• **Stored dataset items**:
=== Begin Enclosure ===

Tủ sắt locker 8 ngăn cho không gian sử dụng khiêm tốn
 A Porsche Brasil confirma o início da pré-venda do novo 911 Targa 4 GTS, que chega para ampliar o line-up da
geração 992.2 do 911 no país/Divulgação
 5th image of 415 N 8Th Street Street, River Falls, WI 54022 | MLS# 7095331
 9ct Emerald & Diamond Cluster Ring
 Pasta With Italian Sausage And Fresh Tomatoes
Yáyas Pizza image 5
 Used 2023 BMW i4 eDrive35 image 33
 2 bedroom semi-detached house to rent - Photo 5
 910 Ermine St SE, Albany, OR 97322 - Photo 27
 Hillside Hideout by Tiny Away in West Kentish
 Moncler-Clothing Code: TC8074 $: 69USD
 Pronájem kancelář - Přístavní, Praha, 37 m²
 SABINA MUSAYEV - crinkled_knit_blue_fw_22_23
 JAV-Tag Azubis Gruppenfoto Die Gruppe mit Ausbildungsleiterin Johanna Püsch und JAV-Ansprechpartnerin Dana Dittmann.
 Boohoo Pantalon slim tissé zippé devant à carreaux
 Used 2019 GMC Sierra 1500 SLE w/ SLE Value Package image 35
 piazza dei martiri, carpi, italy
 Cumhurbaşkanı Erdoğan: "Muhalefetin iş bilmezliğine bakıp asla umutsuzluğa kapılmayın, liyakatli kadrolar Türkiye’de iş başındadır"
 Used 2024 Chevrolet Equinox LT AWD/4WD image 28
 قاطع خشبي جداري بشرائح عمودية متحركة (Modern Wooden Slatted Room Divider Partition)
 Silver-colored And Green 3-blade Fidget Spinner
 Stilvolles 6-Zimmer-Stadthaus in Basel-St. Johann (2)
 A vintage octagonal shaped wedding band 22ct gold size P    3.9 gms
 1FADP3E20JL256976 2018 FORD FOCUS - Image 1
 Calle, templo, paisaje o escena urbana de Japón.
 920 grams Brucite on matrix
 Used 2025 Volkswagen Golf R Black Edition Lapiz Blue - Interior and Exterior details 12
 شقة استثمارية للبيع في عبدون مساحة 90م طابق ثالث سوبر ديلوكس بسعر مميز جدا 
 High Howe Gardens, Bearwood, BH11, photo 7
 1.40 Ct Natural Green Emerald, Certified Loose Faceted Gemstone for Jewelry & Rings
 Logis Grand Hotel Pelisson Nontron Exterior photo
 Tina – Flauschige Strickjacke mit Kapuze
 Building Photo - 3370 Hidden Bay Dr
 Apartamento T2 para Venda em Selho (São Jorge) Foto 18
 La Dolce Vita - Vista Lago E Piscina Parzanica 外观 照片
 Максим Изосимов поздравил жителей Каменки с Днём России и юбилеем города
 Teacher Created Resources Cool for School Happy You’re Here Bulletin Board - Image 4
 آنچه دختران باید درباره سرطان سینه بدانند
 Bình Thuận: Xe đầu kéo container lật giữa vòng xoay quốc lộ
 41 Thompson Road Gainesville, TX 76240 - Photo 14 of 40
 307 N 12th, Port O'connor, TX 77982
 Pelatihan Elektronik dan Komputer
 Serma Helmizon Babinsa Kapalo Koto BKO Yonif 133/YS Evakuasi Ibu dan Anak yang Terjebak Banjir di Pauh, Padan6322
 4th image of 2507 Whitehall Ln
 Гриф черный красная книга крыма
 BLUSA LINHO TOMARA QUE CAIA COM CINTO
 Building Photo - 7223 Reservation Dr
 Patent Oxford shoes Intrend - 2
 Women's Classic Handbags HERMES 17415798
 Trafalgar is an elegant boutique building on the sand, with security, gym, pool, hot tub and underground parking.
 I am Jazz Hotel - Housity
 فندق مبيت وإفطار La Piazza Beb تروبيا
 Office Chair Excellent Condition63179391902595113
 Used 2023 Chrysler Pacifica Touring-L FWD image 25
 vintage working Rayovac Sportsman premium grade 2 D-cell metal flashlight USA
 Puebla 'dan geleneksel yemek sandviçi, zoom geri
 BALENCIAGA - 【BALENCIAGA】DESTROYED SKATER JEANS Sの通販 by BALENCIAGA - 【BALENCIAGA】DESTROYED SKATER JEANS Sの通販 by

=== End Enclosure ===

• **WORK ORDER**: Scan the entries above for the string "Hotel" and copy each line that contains it.

• **WRITTEN SOLUTION**:
 Logis Grand Hotel Pelisson Nontron Exterior photo
 I am Jazz Hotel - Housity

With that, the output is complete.